By now Sheryl is an old pro at the ritual of chemotherapy. She’s donned a camp shirt so that her tanned chest is available for easy insertion of the needle that will connect her to her various drips. She chats up the nurses, who are glad to see her, tells them about her trip to Mexico. A little blue bracelet encircles her bronzed ankle. She’s the picture of seacoast health. She relaxes as her blood samples are drawn for the preliminary tests. After a few moments we move to a more private room so that I can sit down, since everywhere I stand turns out to be in somebody’s way. It’s a while before anyone joins us. “That’s the trouble with these little rooms, Sheryl remarks. “You can’t be sure that they’ll remember that you’re here.”

We haven’t been there very long when we are joined by a thin woman with a canny smile who walks gingerly as she wheels her oxygen tank to a chair in the corner. There is some commotion about her missing medical records from the hospital and calls are made to get the necessary numbers. Behind her, her son Herb, a young Dustin Hoffman with a cell phone clipped to his belt, stands a little uncertainly outside the door while we all negotiate who will sit where. “I’ll stand guard out here,” he declares. He takes a call from someone named Mohammad who turns out to be in Paraguay. “I’ll call the bank,” Herb tells him, and joins us in the now-divided territory.

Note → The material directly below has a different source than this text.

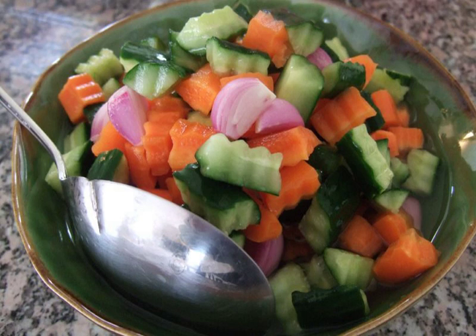Just like common pickles, the sour taste of acar is meant to freshen up a meal, especially fishy dishes such as ikan bakar, or rich and oily dishes such as mutton satay, to neutralize the fat.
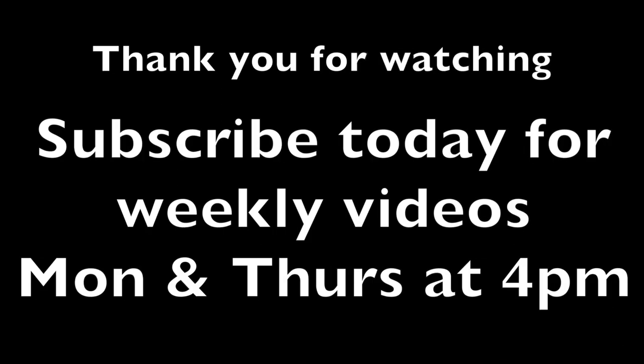Okay guys, thank you for watching and I'll see you in the next video.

“Food. I feel like food,” Mama nudges Herb, who goes out to find her some coffee and crackers. “I’’m hungry, and my name isn’t Polly,” she scolds him. “What I’d like right now is a big juicy steak, a baked potato…” She drifts off, and we are glad for her, since she’s told us that she hasn’t slept in four days. Perhaps her meds will help her to relax. I skim a brochure from the Susan G. Komen Breast Cancer Foundation entitled “A Buddie For You,” while Sheryl becomes a Buddie to Mama, who’s still wide awake and clearly curious, a little scared about what will come next.

“Yes, my hair fell out,” Sheryl tells her. Her trademark glorious curls have since grown in, and she tells Mama about the scarves she wore, the salespeople who taught her how to tie them in attractive and creative ways. The Florida heat was too much for wigs, she says, but some women really feel the need for styles that look like the ones they have lost.

Ever the Buddie, Sheryl tells her about the support group she will attend later today, and which she attends faithfully. “Support group? Whaddya wanna go to one of those for?” She’s of the generation who thinks that the best way to keep family from Worry is to say little to nothing at all. Sheryl tells her about all the handy tips she’s picked up at group, the opportunities she’s had to pass on experiences of her own to people who are at the beginning of the process. Sheryl tells her to find a well-facilitated group that doesn’t let any one person dominate the conversation, that groups really make a difference.

"The survival rates are so much higher for people who go to support groups,” she tells me as we leave.

May my buddy’s experience confirm the research! May Mama learn to talk!

Petal, I love you.

Comments:
What a wonderful and loved friend you are to these women.

Thank you for visiting my blog, and telling me about yours.